• TASK INSTRUCTIONS
Every line below must be reproduced exactly; no pictures are to be included.

• DATASET CONTENT
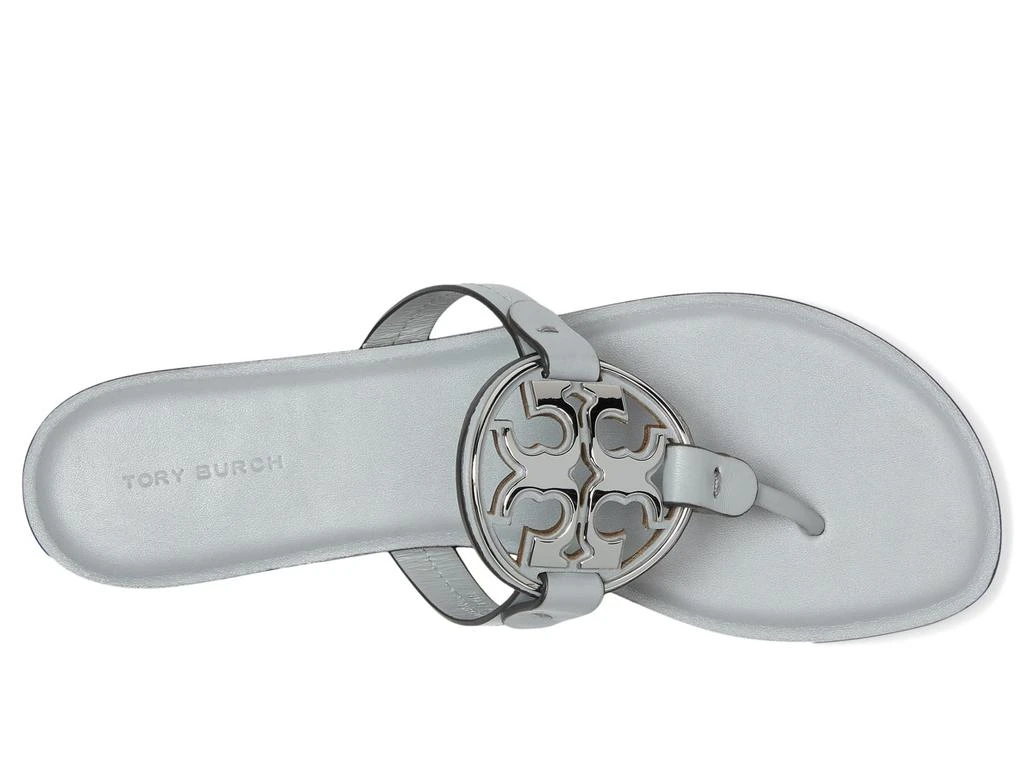 Tory Burch Metal Miller 2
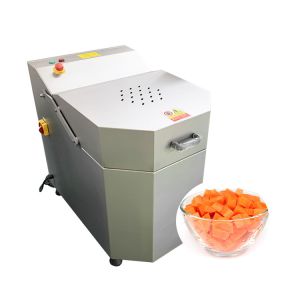 304 Stainless Steel Centrifugal Snack Banana Chips Deoiler Dewatering Machine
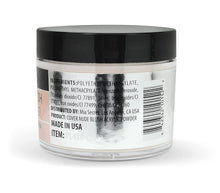 Cargar imagen en el visor de la galería, Mia Secret - Cover Nude Blush Polvo Acrílico 2oz
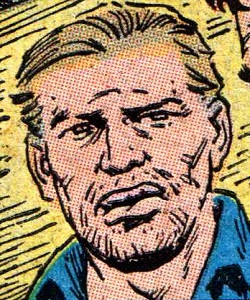 Smith (Japanese labor camp prisoner)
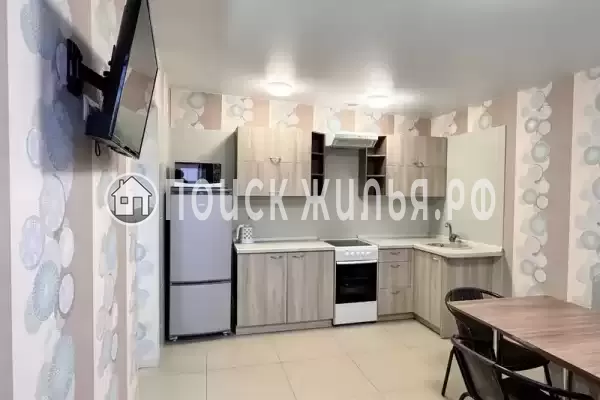 Гостевой дом «Наутилус» Гостевой дом «Наутилус»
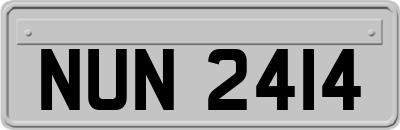 NUN2414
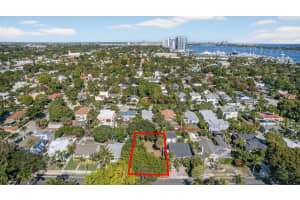 427 32nd Street, West Palm Beach, FL 33407 - MLS#R11165509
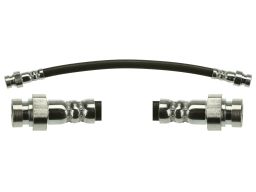 Pha578 Przewód Hamulcowy Elastyczny Pha578 Trw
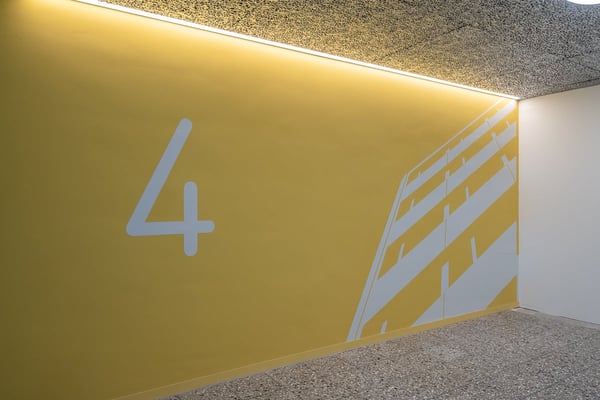 Vielseitige Gewerbefläche/n in Kloten zu vermieten 6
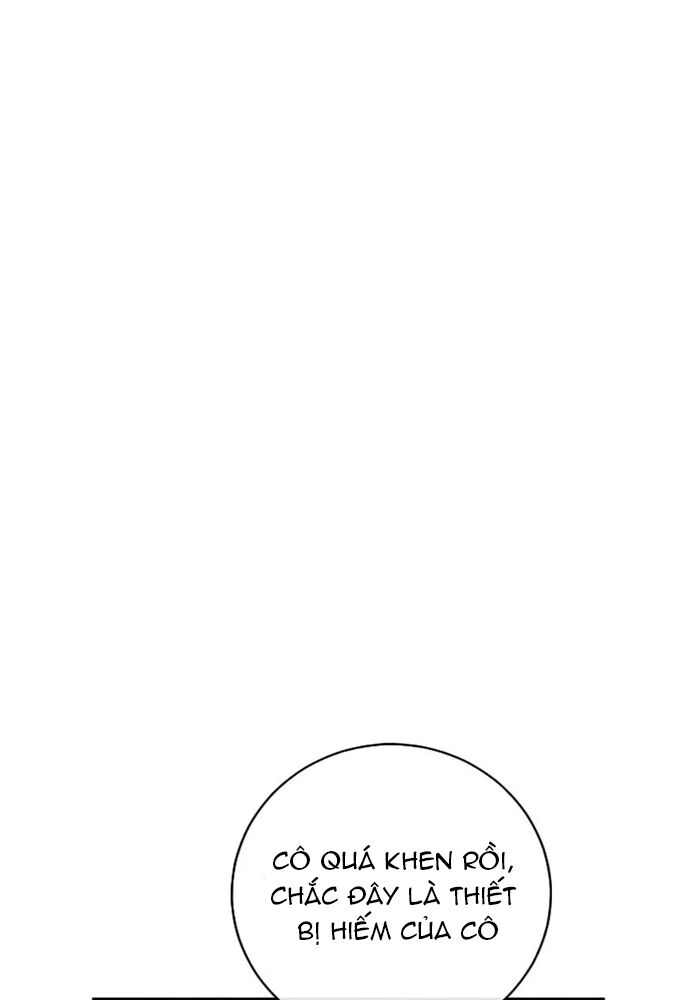 Tôi Không Muốn Chết Lần Nữa! - Chapter 16 - Page 72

• OUTPUT
 Tory Burch Metal Miller 2
 304 Stainless Steel Centrifugal Snack Banana Chips Deoiler Dewatering Machine
 Cargar imagen en el visor de la galería, Mia Secret - Cover Nude Blush Polvo Acrílico 2oz
 Smith (Japanese labor camp prisoner)
 Гостевой дом «Наутилус» Гостевой дом «Наутилус»
 NUN2414
 427 32nd Street, West Palm Beach, FL 33407 - MLS#R11165509
 Pha578 Przewód Hamulcowy Elastyczny Pha578 Trw
 Vielseitige Gewerbefläche/n in Kloten zu vermieten 6
 Tôi Không Muốn Chết Lần Nữa! - Chapter 16 - Page 72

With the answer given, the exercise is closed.